NAIROBI, Kenya, Oct 29 – Police in Kenya have said that they are seeking an international warrant of arrest for the “two or three suspects,” who purchased the car that was used by terrorists in the September 21 Westgate mall attack.
Director of Criminal Investigations Ndegwa Muhoro said they would be seeking Interpol’s assistance to arrest the suspects as efforts to capture them locally have been unsuccessful.
“Once we apply for the warrant of arrest, we’ll be seeking also the intervention of Interpol in terms of seeking a red notice, what we call the international warrant of arrest,” he told journalists on Tuesday.

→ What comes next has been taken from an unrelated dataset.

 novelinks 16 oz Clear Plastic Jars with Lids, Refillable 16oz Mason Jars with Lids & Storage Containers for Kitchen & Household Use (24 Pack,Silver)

The police on October 6 released images of two of the suspects and offered a Sh500,000 reward for any information that would lead to their capture.

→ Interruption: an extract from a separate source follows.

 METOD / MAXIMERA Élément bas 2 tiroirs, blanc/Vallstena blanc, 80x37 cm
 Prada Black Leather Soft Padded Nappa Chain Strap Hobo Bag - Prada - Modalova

“I remember we have published faces, though not very clear, of two persons who were involved in the procurement of the vehicle that was used to ferry the terrorists to the Westgate mall,” Muhoro recalled.

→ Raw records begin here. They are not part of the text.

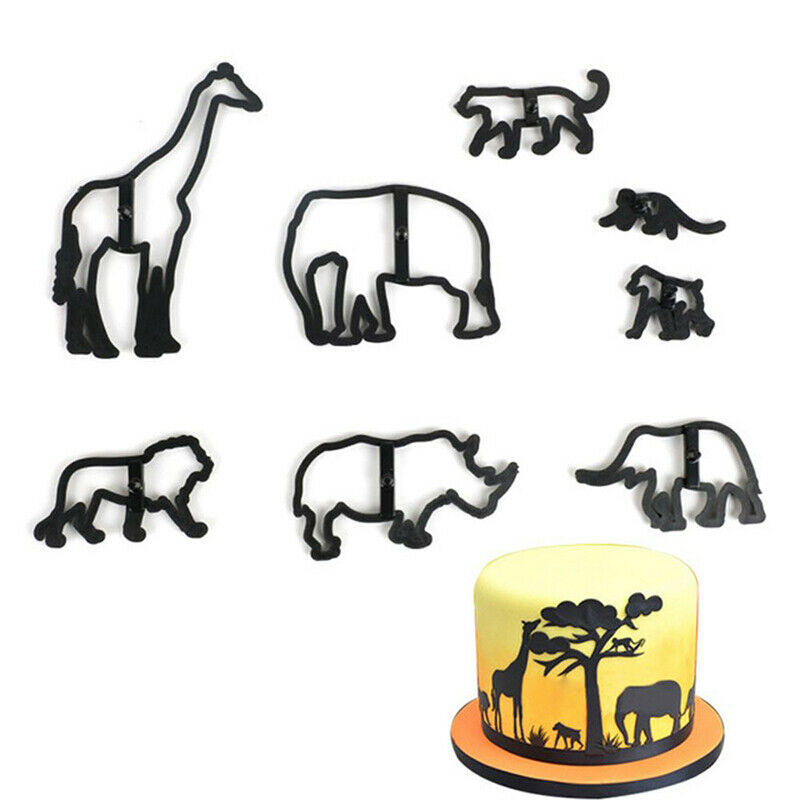 8Pcs Animal Cookie Cutter Plastic Elephant Lion Giraffe Leopard Fondant C.l8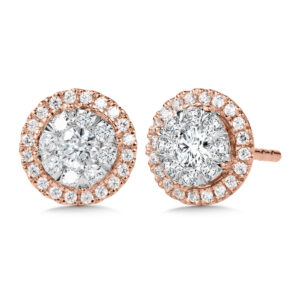 14K Rose Gold Duel-Tone Cluster Diamond Earrings 1/2ctw 1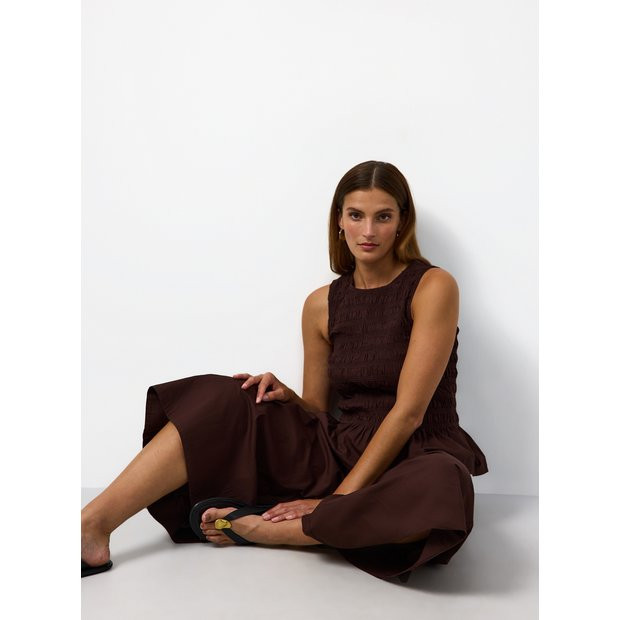 Buy Brown Poplin Shirred Sleeveless Co-ord Top 22 | Tops | Tu | Tu Clothing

The police have also detained for interrogation the ex-wife of one of the suspects, arrested as she tried to board a bus for Mombasa immediately following the Westgate terror attack.
Intelligence agencies established that she had been in communication with the man identified as Abdikadir Haret Mohamed before and after the attack.
The other suspect, Adan Dheq who goes by two aliases Hussein Abdi Ali and Abdulahi Dugon Subow is believed to be a Somali national.
Police were able to identify the two as those who purchased the infamous silver KAS 575X Mitsubishi Saloon car from CCTV footage obtained from the Barclays Bank Queensway branch.
In the footage they are seen using their mobile phones and walking in and out of the bank once the transaction is complete.
And given the ease with which the terrorists were able to obtain the vehicle found to contain ammunition and undetonated grenades, Muhoro has called on Kenyans to be vigilant when carrying out similar transactions.
“When someone is not even concerned about the logbook telling you they’ll get it later after paying cash for a car, that should set some alarm bells ringing,” he said implying that must have been what happened in the Mitsubishi case.